To run our agent, we can use the “invoke” method and pass in a dictionary with a key of “question” and a value that is our research question. In this example, we are asking our agent to identify the primary product categories and product features for Databricks.
Below is the output from our query. As you can see, while this is a very simple agent, the results are fairly comprehensive and demonstrates the power of agent-based AI.
The primary product categories and features for Databricks include:
1. **Lakehouse Architecture**: Databricks is renowned for its lakehouse architecture, which combines the benefits of data warehouses and data lakes into a unified platform. This architecture supports both business intelligence and machine learning tasks.
2. **Core Components**:
- **Workspace**: A centralized environment for team collaboration, accessible via a user-friendly web interface.
- **Notebooks**: A version of Jupyter notebooks designed for collaboration and flexibility, supporting multiple programming languages.
- **Apache Spark**: The engine for parallel processing of large datasets, suitable for big data analytics.
- **Delta Lake**: Enhances data lakes with ACID transactions, ensuring data reliability and consistency.
- **Scalability**: The platform scales horizontally to meet increasing data demands.
3. **Key Features**:
- **Cross-team Collaboration**: Enables seamless work among engineers, analysts, scientists, and ML engineers.
- **Efficient Workflows**: Supports data cleaning, transformation, and machine learning in a cohesive manner.
- **Integrated Data Management**: Allows data ingestion from multiple sources, table creation, and SQL execution.

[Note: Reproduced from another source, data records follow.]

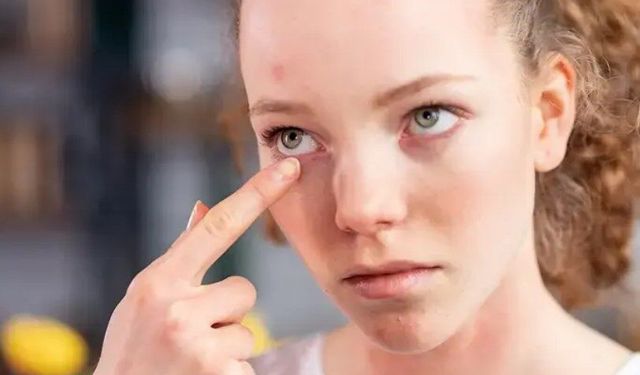 Mevsimsel değişim cildinizi tehdit etmesin! Uzmanlardan bahar uyarısı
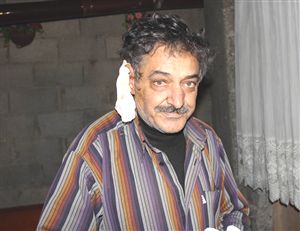 Eve bakmayan kocasının kulağını kesti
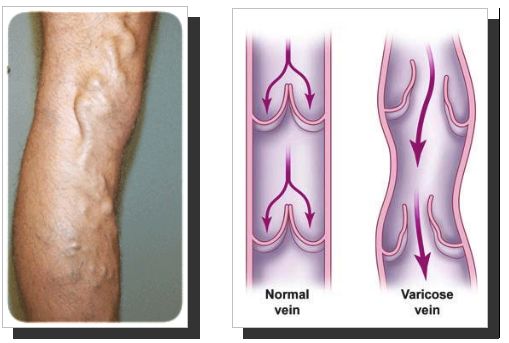 Vena varicosa sulla gamba e schema del confronto fra vena normale e vena varicosa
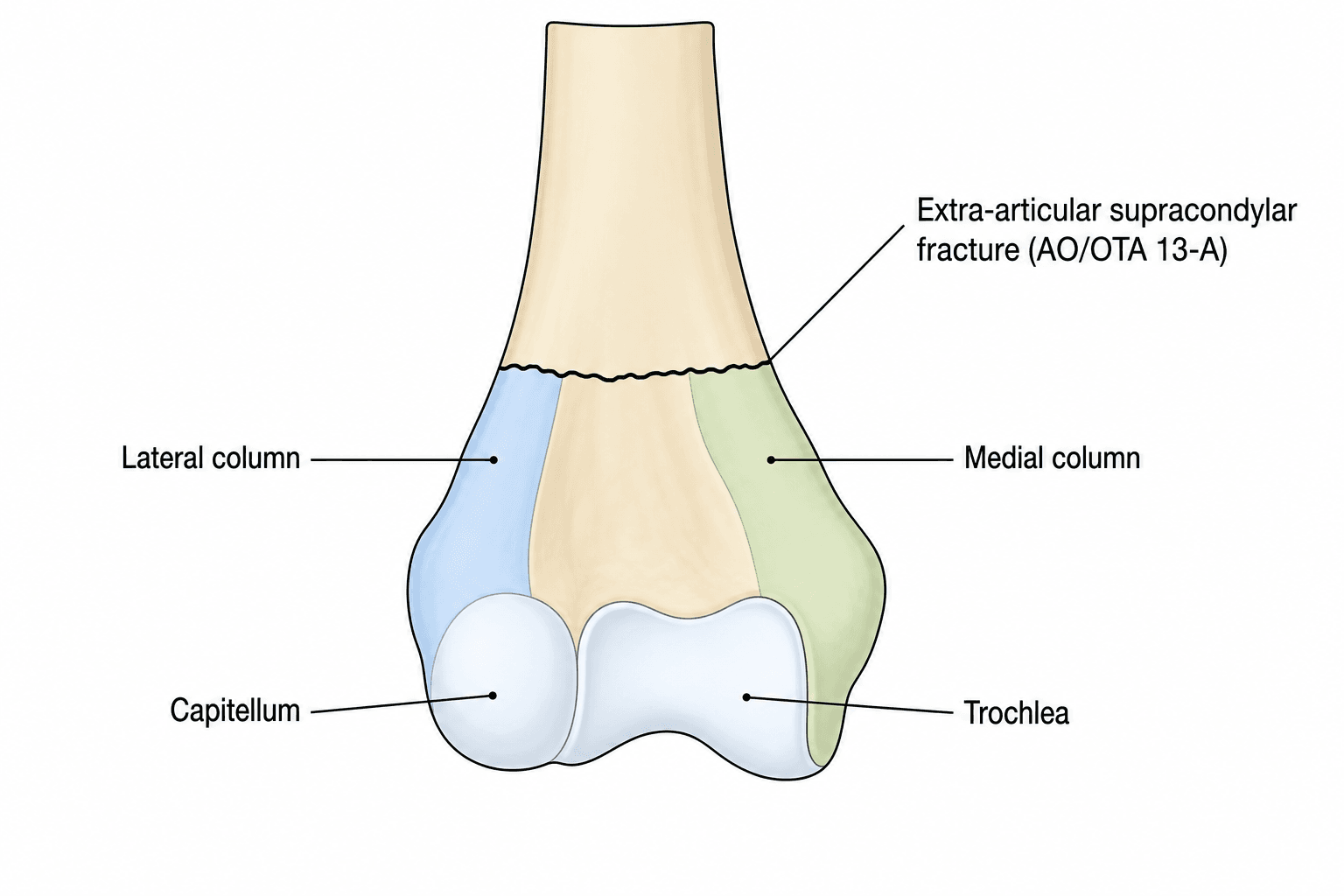 Labelled anatomical diagram of the adult distal humerus (AP view) showing the medial and lateral columns, the capitellum and trochlea, and a transverse extra-articular supracondylar fracture line.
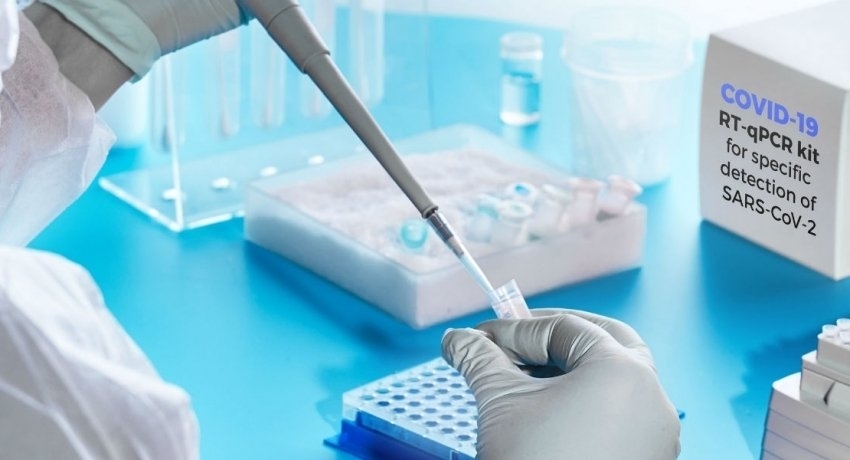 PCR பரிசோதனைக்கு விசேட சுற்றுநிருபம்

- **Real-time Collaboration**: Shared notebooks and collaborative editing features for simultaneous work by multiple team members.
- **Cluster Management**: Manages computational resources for executing code.

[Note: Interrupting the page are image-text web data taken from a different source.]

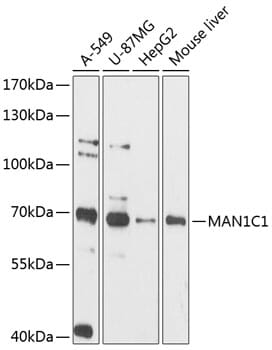 Western blot analysis of extracts of various cell lines, using Anti-MAN1C1 Antibody (A12837) at 1:3000 dilution.
Secondary antibody: Goat Anti-Rabbit IgG (H+L) (HRP) (AS014) at 1:10,000 dilution.
Lysates / proteins: 25µg per lane.
Blocking buffer: 3% non-fat dry milk in TBST.
Detection: ECL Basic Kit (RM00020).
Exposure time: 90s.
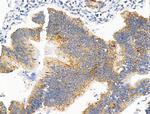 WIPI1 Antibody in Immunohistochemistry (Paraffin) (IHC (P))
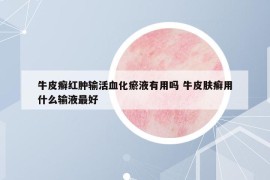 牛皮癣红肿输活血化瘀液有用吗 牛皮肤癣用什么输液最好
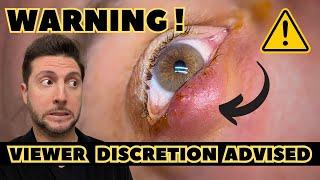 Eyelid Bump - Let's Drain It!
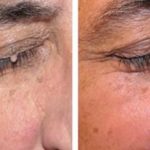 indepartare papiloame acasa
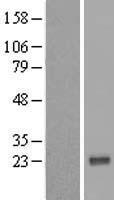 VAX1 Human Over-expression Lysate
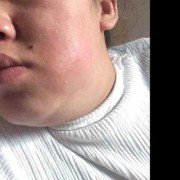 谁知道牙疼脸肿了要几天消肿呀,孕期脸肿了正常的吗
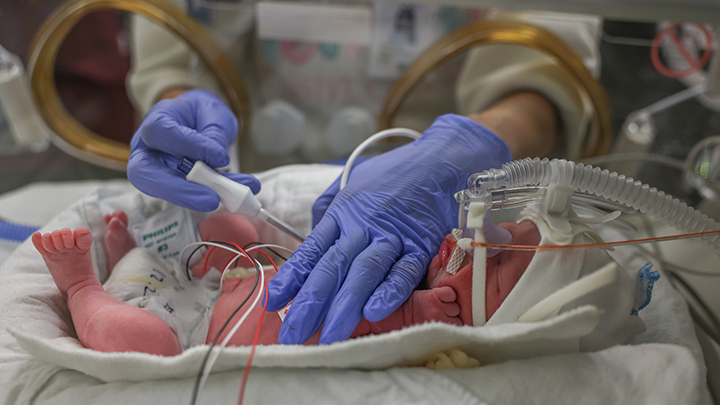 A neonatal team member checks a baby's temperature in the NICU at Foothills Medical Centre.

- **Job Scheduling**: Executes notebooks and scripts at specified intervals.
- **Data Ingestion**: Supports data import from various sources like AWS S3, Azure Blob Storage, Google Cloud Storage, and more.

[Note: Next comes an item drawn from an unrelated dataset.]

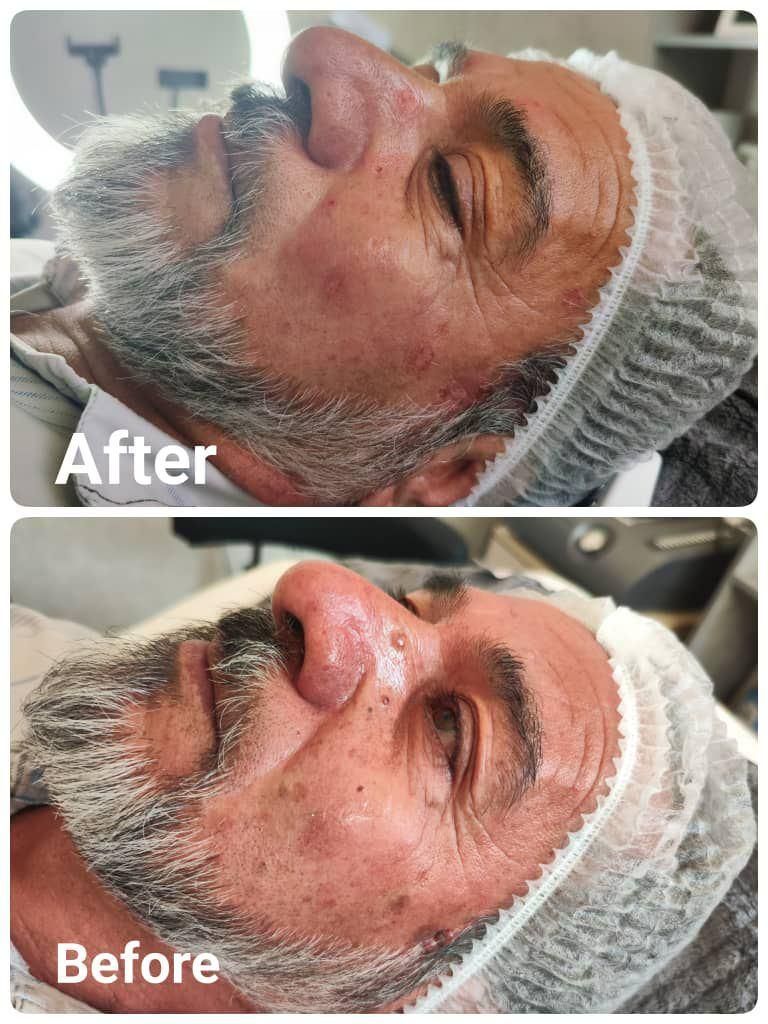 خال برداری/کک و مک/منگوله/ماه گرفتگی/روشن سازی|خدمات آرایشگری و زیبایی|شیراز, کوی زهرا|دیوار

- **SQL and BI**: Databricks SQL for running analytic queries and generating dashboards.
4. **Advanced Capabilities**:
- **Machine Learning and AI**: Tools for ML modeling, tracking, and model serving, including integration with open-source projects like MLflow.
- **Generative AI Solutions**: Supports large language models and generative AI with tools like Hugging Face Transformers.
- **Data Governance**: Unity Catalog for managing permissions and secure data sharing.
- **Serverless and Classic Compute**: Offers serverless compute for ease of use and classic compute for more control.
5. **Integration and Open Source**: Databricks maintains a strong commitment to open source, with projects like Delta Lake, MLflow, and Apache Spark originating from Databricks employees.
Overall, Databricks provides a comprehensive platform for data processing, analytics, and AI, with a focus on collaboration, scalability, and integration with cloud services.
If we curious about the data that our agent collected (as you should be), we can look at the context of our result simply by printing out the “context” key of our results. This will give us an idea of the data that the agent pulled in as well as serve as a sanity check to make sure our agent isn’t making things up.
Conclusion:
Even though this was a straightforward example, it’s easy to imagine how an AI agent could be configured to handle tasks beyond simple web searches. For instance, agents could be set up to monitor competitor websites for changes, track pricing or feature updates, analyze social media sentiment, or even compile insights from various market reports. This example highlights just how powerful AI agents can be in helping product managers streamline competitive market research. By automating repetitive tasks and gathering deeper insights, these agents free up more time for strategy, analysis, and decision-making—making them an invaluable tool in today’s fast-paced market landscape.